Along with the increase in capacity, solar prices are plummeting, thanks to technological advances and fierce competition from China. Within two to three years, says John Farrell, senior researcher at the Institute of Local Self-Reliance in Minneapolis, both California and New York will achieve "grid parity." That's the golden moment when power from the sun becomes as cheap as average residential electricity. Hawaii is already there; in Honolulu, 41 percent of building-permit applications these days are requests to install solar systems.

"The economics continue to drive solar forward," Farrell says. "But there's still a big barrier. The economics are going to allow a stampede of folks who are well placed financially, and in terms of the property they own, to go solar. But it's leaving everyone else out."

So, what if I don't want to be left out? Couldn't I get together with the other 75 percenters in my neighborhood, put some solar panels on the local recreation center, and reap the benefits?

"Community solar happens for innovative citizens but always against the odds."

Many other people across the country are asking the same question—and some are succeeding in establishing a form of "community solar" or "solar garden." In Minnesota, members of the Wright-Hennepin Cooperative Electric Association can own part of a 39-kilowatt array of locally made panels on the roof of the co-op's headquarters, allowing them to share in the electricity just as they would with a system on their own roofs. California's forward-looking Sacramento Municipal Utility District lets customers purchase solar power from a local "solar farm," receiving the same full retail credit per kilowatt-hour that they would from a home system. And in Washington State, members of the nonprofit Backbone Campaign can invest in a 50- to 66-kilowatt solar array erected at a recycling transfer station, with a forecast return of 13.5 percent a year until 2020.

Nice for them, but not so much for me and my neighbors on Oregon Street. Our utility is of the big for-profit, investor-owned sort, not a cooperative, and I am neither a Washington resident nor a member of the Backbone Campaign, which means I'm prohibited by financial regulators from participating in its program. However good an idea community solar might be, achieving it requires surmounting a daunting string of institutional hurdles. "Community solar happens for innovative citizens," Farrell says, "but always against the odds."

Let's look at the obstacles facing my dream community solar project. For starters, my neighbors and I would need some capital, but banks aren't much interested in financing penny-ante solar arrays.
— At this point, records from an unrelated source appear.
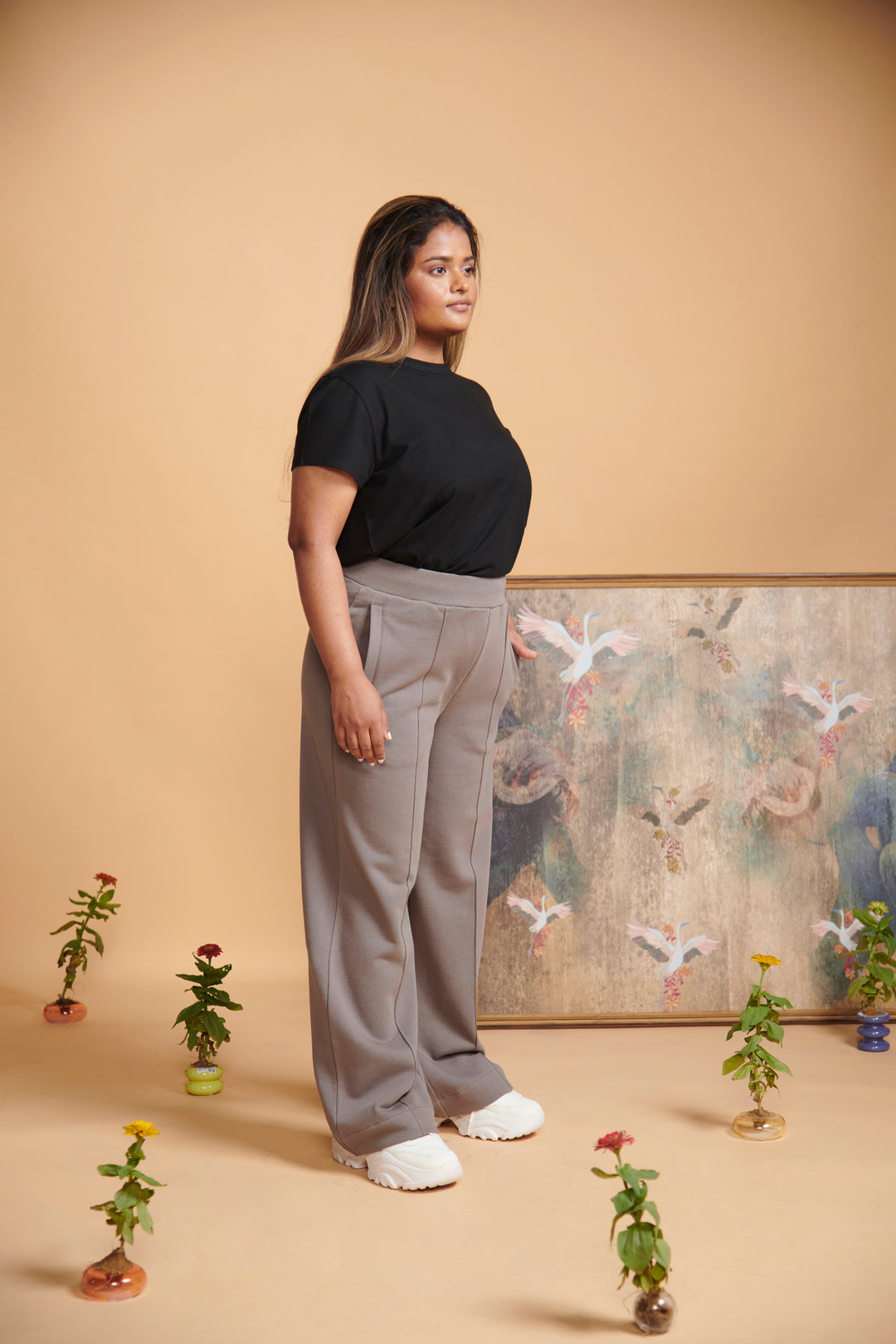 Grey terry high waist travel pant modeled on a woman.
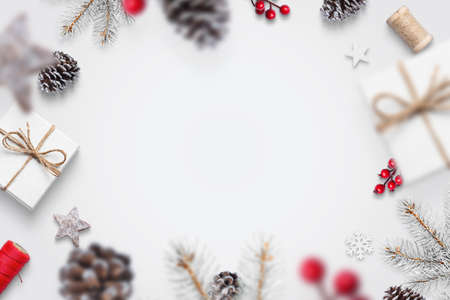 Christmas decorations fall on the white table concept. Gifts, pine, cones, red berries, tree branches, snowflakes. Top view, flat lay, greeting card conceptの写真素材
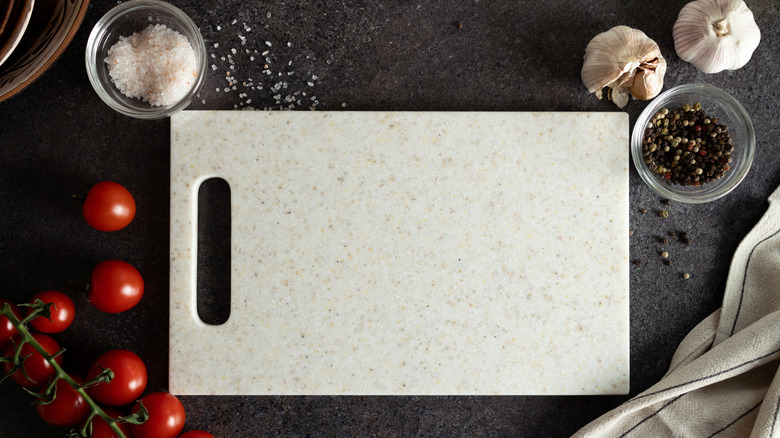 Sone cutting board with tomatoes, salt, pepper, and garlic around it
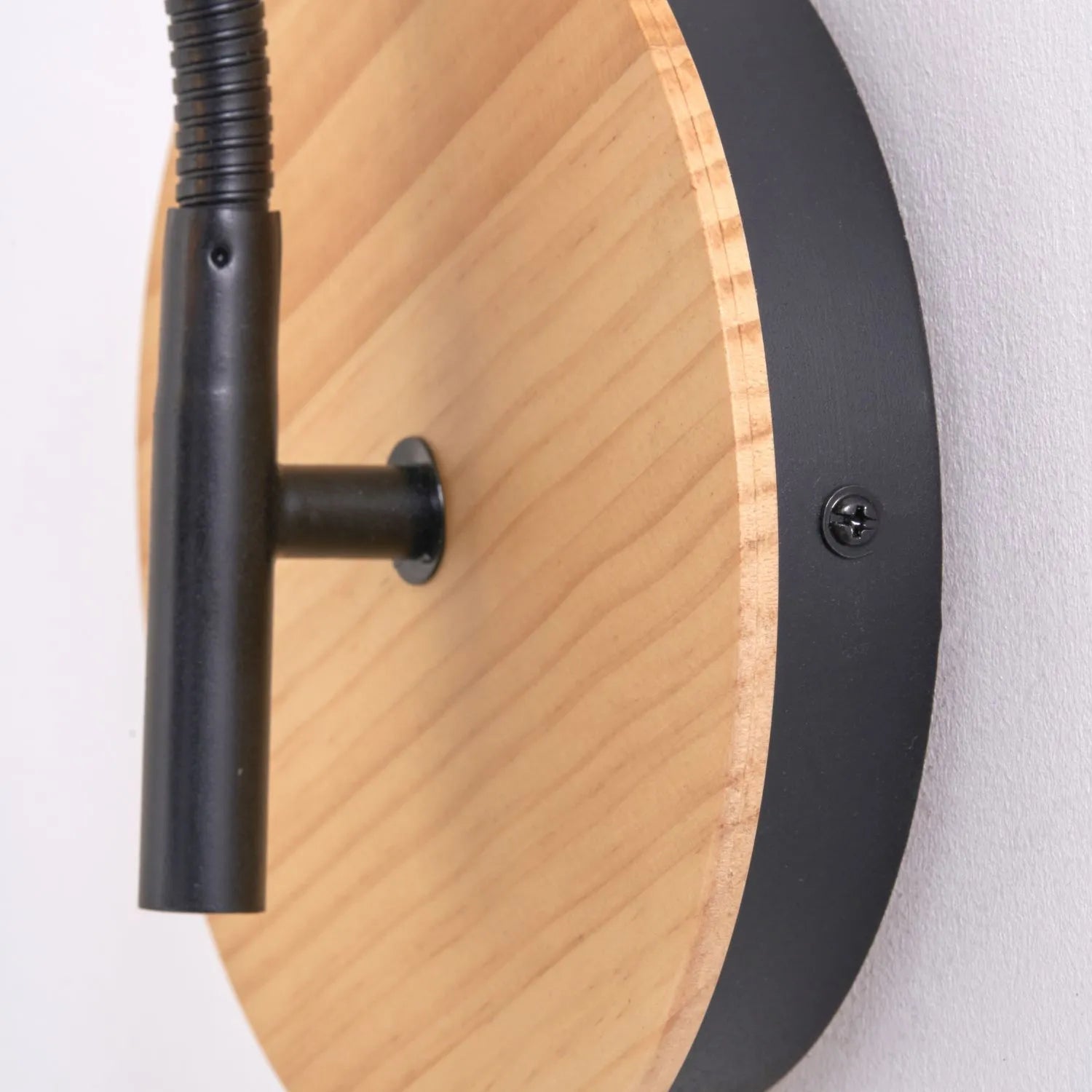 Black metal wall light with adjustable tapered linen shade and natural wood plate – modern bedside reading light | Click Style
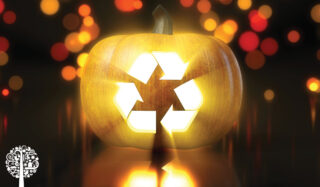 A yellow pumpkin with a blurry background is illuminated by a glowing recycling logo.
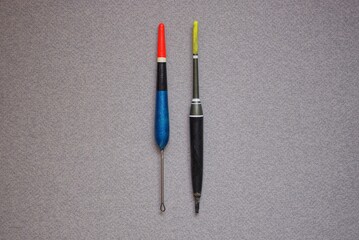 two long colored plastic fishing floats lie on a gray table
Our numbers wouldn't look very good anyway, because a still-essential ingredient in solar's success is the 30 percent federal tax credit, and as a nonprofit, we wouldn't be able to take advantage of it.

If we somehow did manage to scrape together the installation money, we'd need to sell the juice our panels generated to our local utility. But what would be in it for them? Even in a state like California, where utilities are obligated (up to a point) to accept new residential solar applications, nothing requires them to deal with the Oregon Street Cat Fanciers' Solar Co-op. If they did, they'd have to come up with a billing system that would credit me and my neighbor Doris and the cat lady down the street proportional to our stakes in the project—something Pacific Gas and Electric Company (PG&E) has zero motivation to do.

In short, the chances of our plucky little neighborhood powering its blenders, DVRs, and iPads with shared solar look very poor. To triumph against the odds, community solar needs a model that can work within the current regulatory system (unhelpful as that may be) and that is widely replicable. Happily, two organizations (at least) appear to have such a model: Colorado's Clean Energy Collective and California's Mosaic.

Paul Spencer is founder and president of the former. He got into community solar after trying to design a "net-zero" community of 89 homes in Carbondale, Colorado, that would draw its power from a centralized solar system. The housing market collapse killed the project, but Spencer and his group resolved to craft a widely deployable model for community solar. It took a year and a half of running the numbers on dozens of different options before they settled on the rather uncollective formula of individual ownership.